Vi_capture_release causes kernel panic

Hi,
We use AGX Xavier, the l4T version is R35.5.0.
We externalized 4 CSIx4 peripherals to the Jetson.
There will be a probability of about one in a thousand that the kernel will crash.
We found the same question on Forum [V4L2] Vi capture release failed leading to a Kernel oops
In this forum you guys gave a patch to fix this. However, this patch is for R32.2.

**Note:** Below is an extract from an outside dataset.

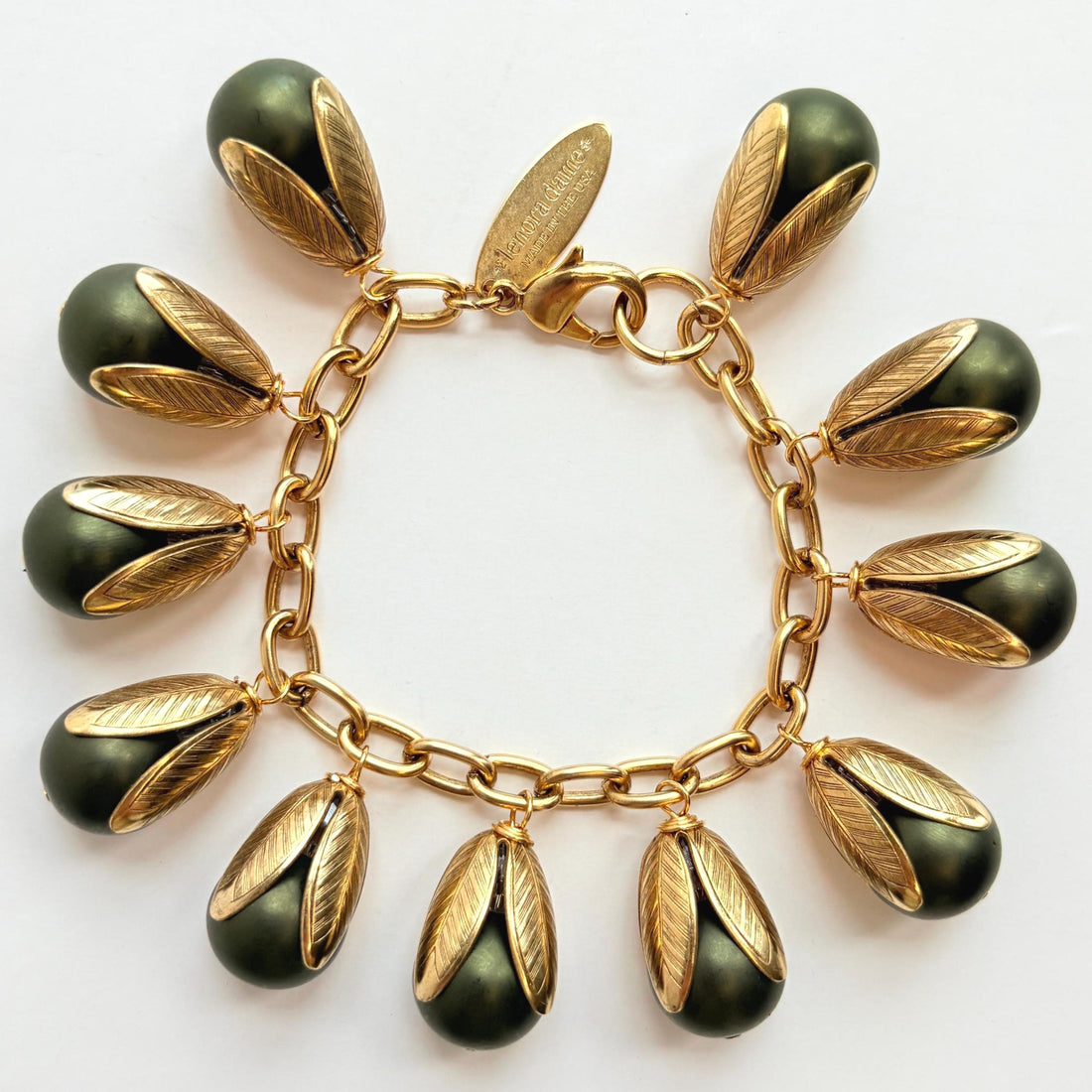 Gold chain bracelet with matte finish hunter green pearls encased in gold leaf bead caps. Lenora Dame bracelets handmade in the USA.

Will R35.5.0 have this problem? Is there a patch to fix it accordingly?

Here’s a printout from the crash:
[com COM6] (2024-08-27_113217) COM6 (USB Serial Port (COM6)).log (10.5 MB)

Your help in answering this question would be greatly appreciated!

hello newbie.lei,

the known fixes should be check-in to the lates release, ideally.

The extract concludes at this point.